Perhaps the new Amazon and Apple 2nd-headquarters will be built in conjunction with one of these new downtown stadia, concurrent with the culmination of President Obama’s remarkably successful U.S. economic revitalization through the rigorous regulation which characterized his administration.
What strikes me as odd is that in the Golden Age of American Sport, very few urban stadiums were anywhere near what might be called “downtown.” While I can think of a few basketball arenas that were close to downtown, very few football and baseball stadiums were (Tiger Stadium being a notable exception). European classic soccer stadiums are almost all outside the downtown districts, usually in large public parks or residential neighborhoods.
While team owners wanted transit and decent land, the Times proceeds as if there was absolutely no good reason for stadiums to not be on expensive downtown land.
Yeah, most early stadiums and arenas were built on cheap parcels on the outskirts of town, which later got subsumed into the city. (Yankee Stadium is one classic example there.) I’m pretty sure there was at least one early baseball stadium — St. Louis Browns, maybe? — where the stadium was built out in the then-sticks so that the owner could charge fans a fee to ride on the streetcar line he owned.
League Park in Cleveland (predecessor of Municipal Stadium) is another example.
Another common option was to put the ballpark down by the river. This had the disadvantage that you might lose the first few weeks of the season due to flooding, but this possibility also kept the ground rent down. The Pittsburgh ballpark in the late 19th century was in almost exactly the same place as the modern park, but without the benefit of all those civil engineers and concrete.
I love that old photo of Crosley Field, I think it was, with the guy in a rowboat at about second base.
Part of the problem is that these articles talk as if “downtown” and “suburbs” are the only two possibilities. The thought seems to be that a city consists of downtown, surrounded by a vast expanse of single-family houses with lawns. This is very weird, considering that these articles are nearly always written by people who live in or near actual cities.
I’m just shocked that the New York Times mentioned jobs. Roger Noll and the rest of the Econ profs might want to take note.
Some casual reading might suggest to you that cities have jobs whether there is a ballpark or not.
And some reading of Noll and other “econ profs” would show that a lot of them do look at job impact (or at least income impact — I don’t know if there’s an easy way to show if the same money is being spread around to more people) and find essentially zero impact on a citywide basis. What are you talking about, Ben?
To pick nits, I’m not sure you can claim stadiums cause no economic development but spark gentrification. The two are kind of a description of the same thing, just with different connotations.
In general, stadiums follow economic development/gentrification, not create it.
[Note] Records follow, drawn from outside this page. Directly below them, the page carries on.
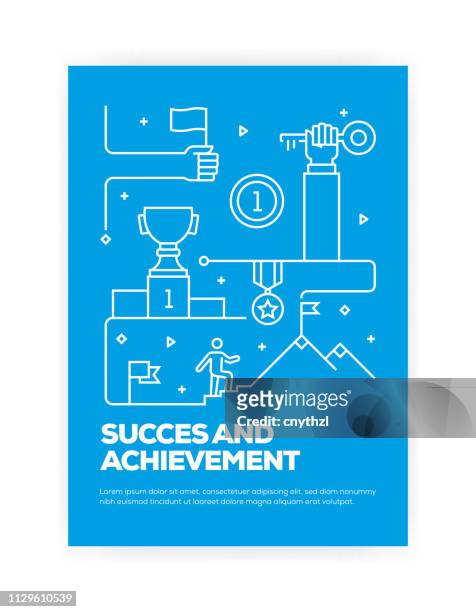 success and achievement concept line style cover design for annual report, flyer, brochure. - confidence icon stock illustrations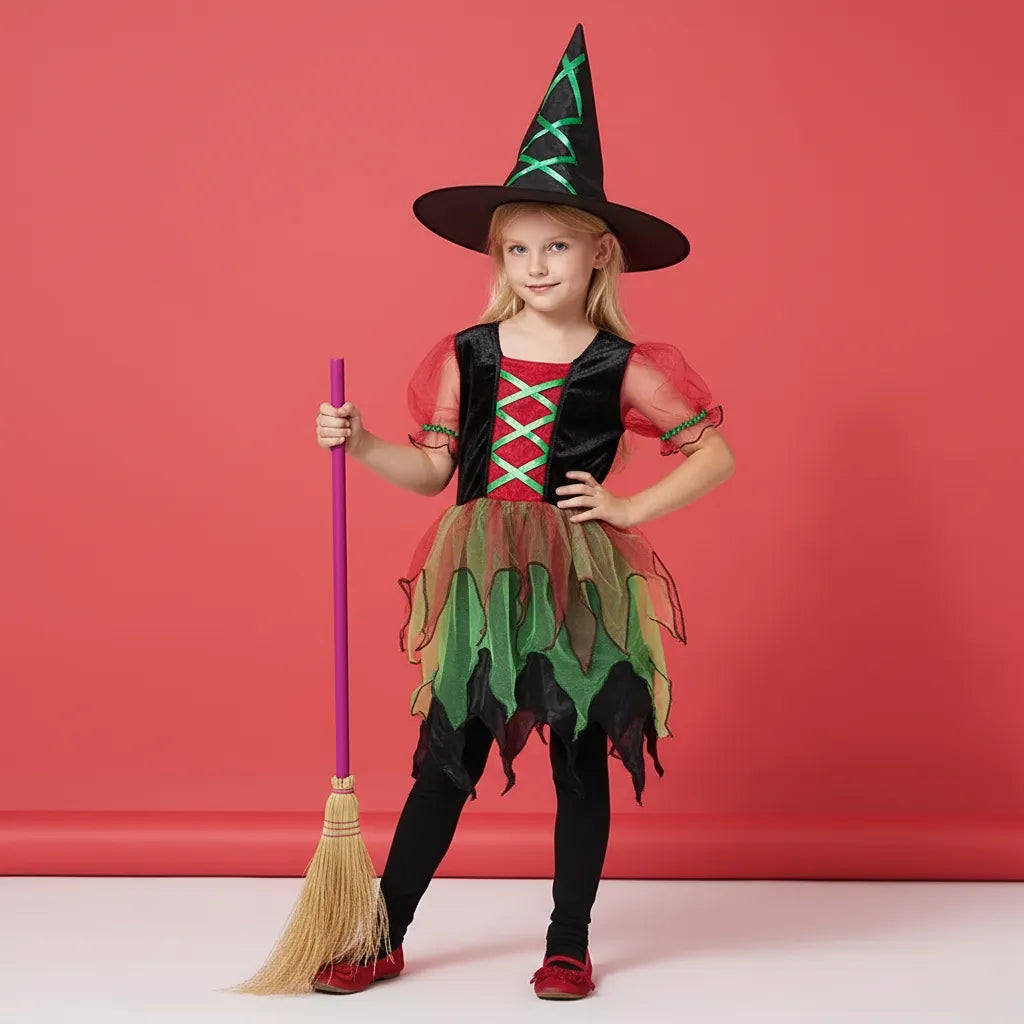 Déguisement Sorcière Fille Rouge et Vert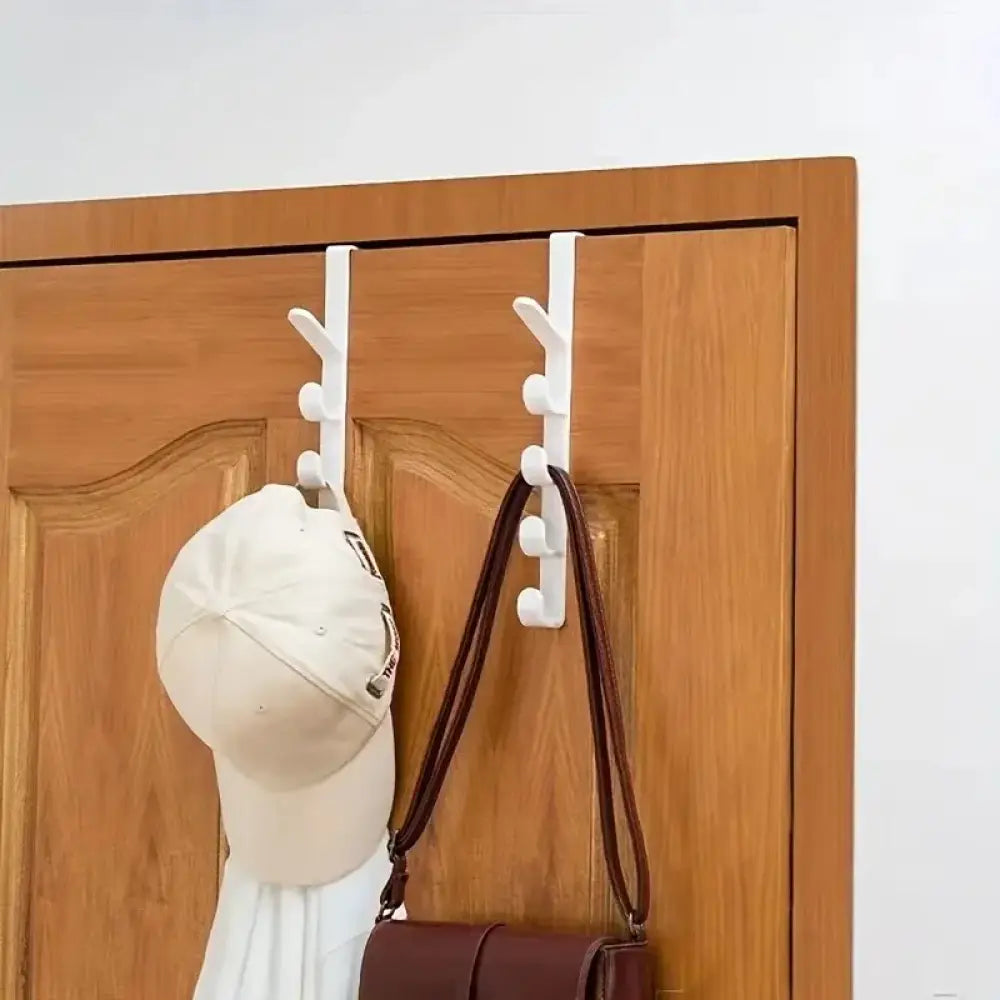 Patère de porte 5 crochets sans perçage – noir ou blanc - Patère de porte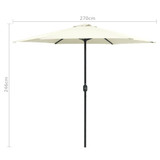 Vrtni suncobran s aluminijskom šipkom 270 x 246 cm tamnobijeli Vrtni suncobran s aluminijskom šipkom 270 x 246 cm tamnobijeli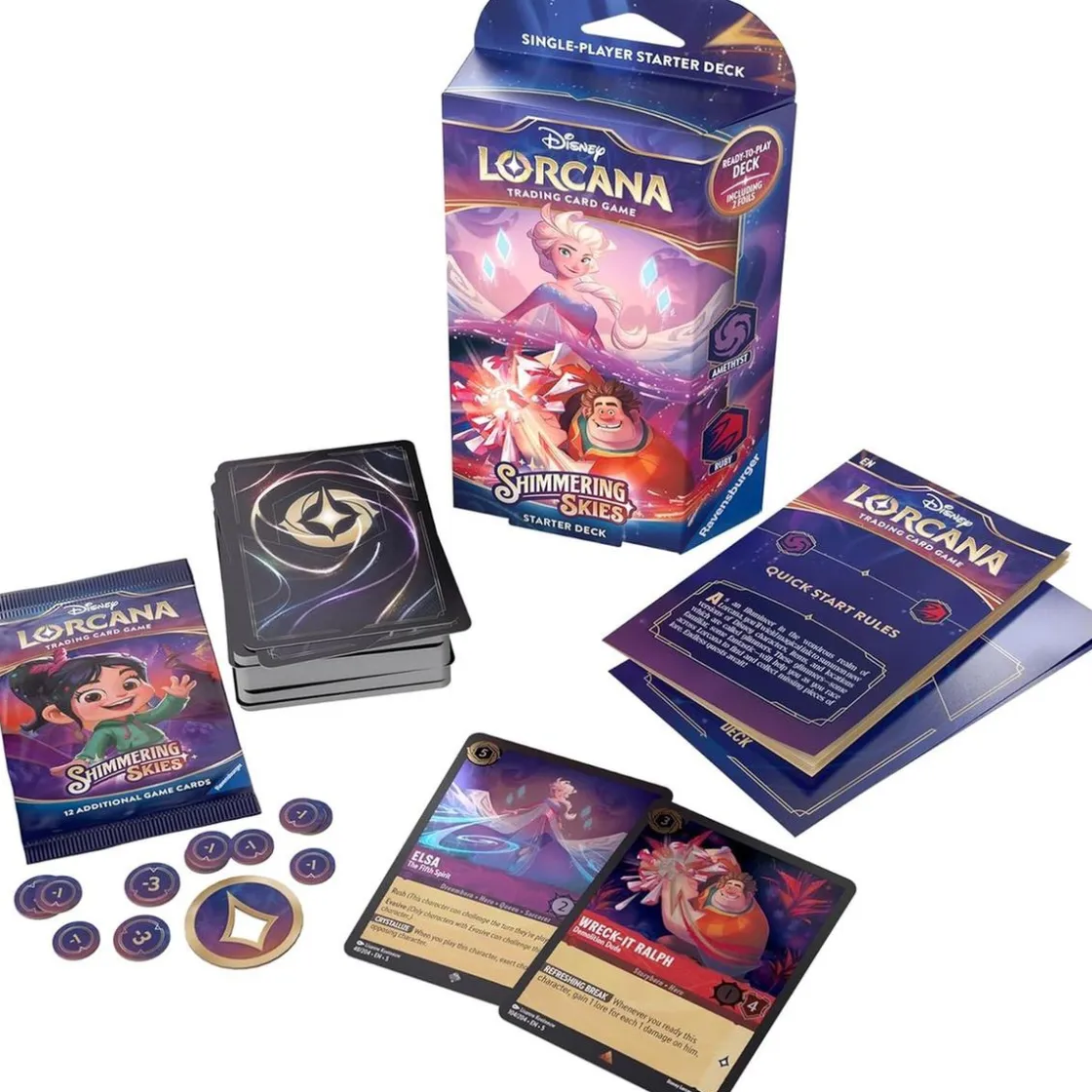 RAVENSBURGER IBÉRICA Disney Lorcana - Shimmering Skies - Mazo de inicio Amatista/Rubí en ingles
This makes sense–sports teams want to sell tickets to rich people. To do so they want to put their stadium in places that are easy for rich people to get to. If your stadium 10 minutes from someone’s office they are certainly more likely to attend a game, but also more likely to buy a condo there.
There are a few stadiums that didn’t follow development/gentrification. For example, the original of the current era, Camden Yards. It certainly hasn’t created much either.
“To pick nits, I’m not sure you can claim stadiums cause no economic development but spark gentrification.”
They can *shift* economic development. That’s often sufficient to cause gentrification, at least in a specific area. But otherwise we’re in agreement here on the rest.